Kwa Baba is a South African telenovela created by Kagiso Mogale and produced by Singa Vision Productions. It premiered on Mzansi Magic on DStv on 1 June 2026 at 19:30. The series explores themes of identity, traditional burdens and the clash between modern romance.

== Premise ==
The series follows Zwelakhe Mkhize, an ambitious young entrepreneur building a business empire.

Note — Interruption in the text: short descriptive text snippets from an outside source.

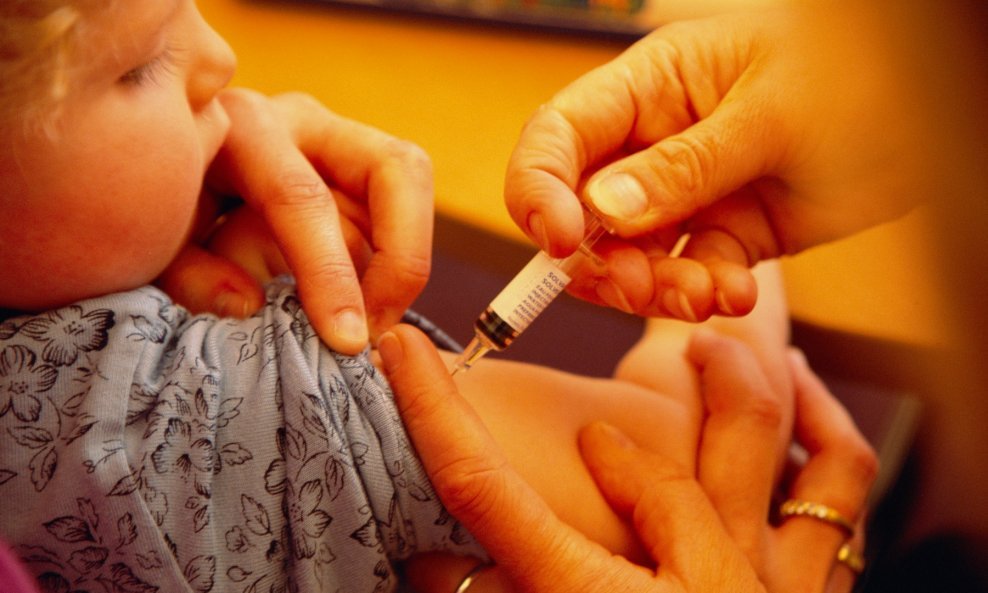 MMR je kombinirano cjepivo koje štiti od ospica, zaušnjaka i rubeole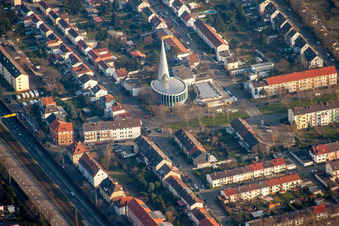 Vue aérienne de Bâtiment de l'église de à le quartier Rheinau in Mannheim dans le département Bade-Wurtemberg, Allemagne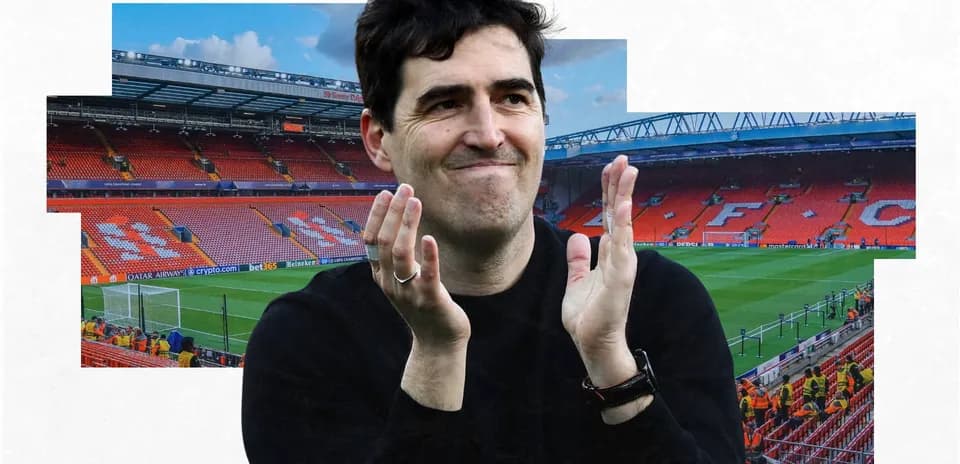 Hombre aplaudiendo en el estadio Anfield vacío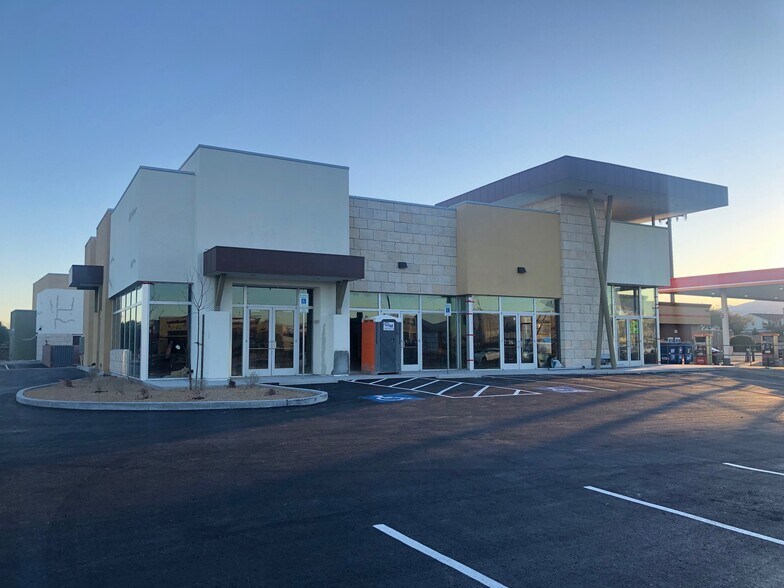 More Photos Of 8525 Blue Diamond Rd, Las Vegas Storefront For Lease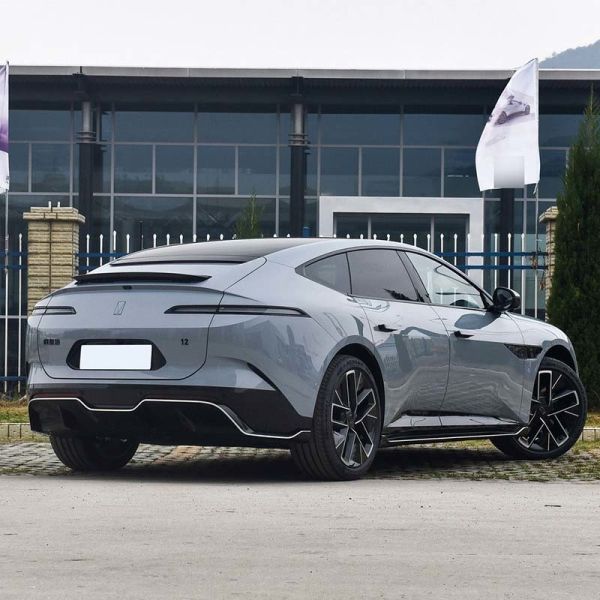 High Performance Luxury Pure Electric Car Sedan Changan Huawei Avatr 12 New Energy Vehicles Car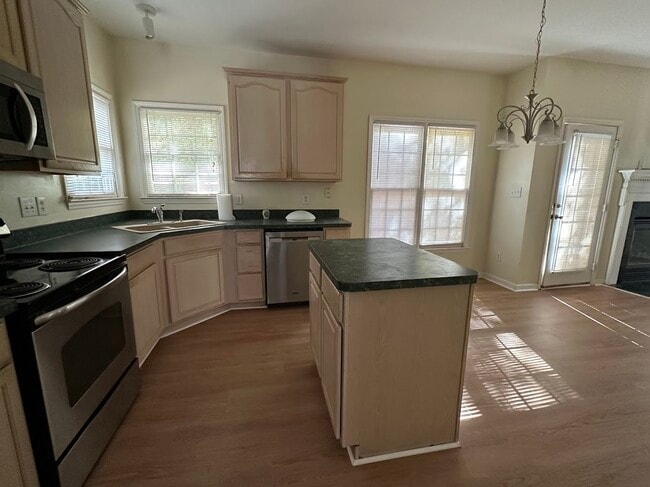 Building Photo - 412 Silvergrove Dr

His life changes when he falls in love with Bahumi Motaung, but their relationship faces obstacles when Zwelakhe discovers an unresolved traditional debt left by his late father.

== Cast ==
=== Main cast ===
- Vuyo Biyela as Zwelakhe Mkhize
- Rorisang Mohapi-Grootboom as Bahumi Motaung
- Kwanele Mthethwa as Khethiwe Mkhize
- Lindani Nkosi as Dumisani Mkhize
- Mpho J Molepo as Solomon Motaung
- Hlengiwe Lushaba as Slindile Mkhize
- Sparky Xulu as Mhlaba Mkhize
- Helen Lebepe as Dikeledi Motaung
- Nkanyiso Mzimela as Musa Mkhize
- Phumzile Mlangeni as Zandile Mkhize

=== Supporting cast ===
- Khanyisani Kheswa as Nhlanhla Mkhize
- Nhlanhla Kunene as Mxolisi Khumalo
- Lungelo Madondo as Nelisiwe Mkhize
- Naledi Mfoloe as Dinana Motaung
- Mosa Lekwene as Tsholofelo Motaung
- Mpilo Khumalo as Mandla Hlatshwayo
- Zinzi Nsele as Nomvula Radebe
- Simo Magwaza as Vusumuzi Radebe
- Makhosazana Ndlovu as Senzeni Mkhize

== Production ==
Kwa Baba is a South African telenovela produced by Singa Vision Productions that premiered on Mzansi Magic on DStv channel 161 on 1 June 2026. The series is set in the vibrant neighborhood of Msawawa, Diepkloof Extension. The series stars Vuyo Biyela as Zwelakhe Mkhize, alongside Rorisang Mohapi as his love interest, Bahumi Motaung. The cast also features Hlengiwe Lushaba, Lindani Nkosi, Kwanele Mthethwa and Mpho J Molepo.

== Release ==
The series premiered on Mzansi Magic on 1 June 2026, airing Mondays to Fridays at 19:30.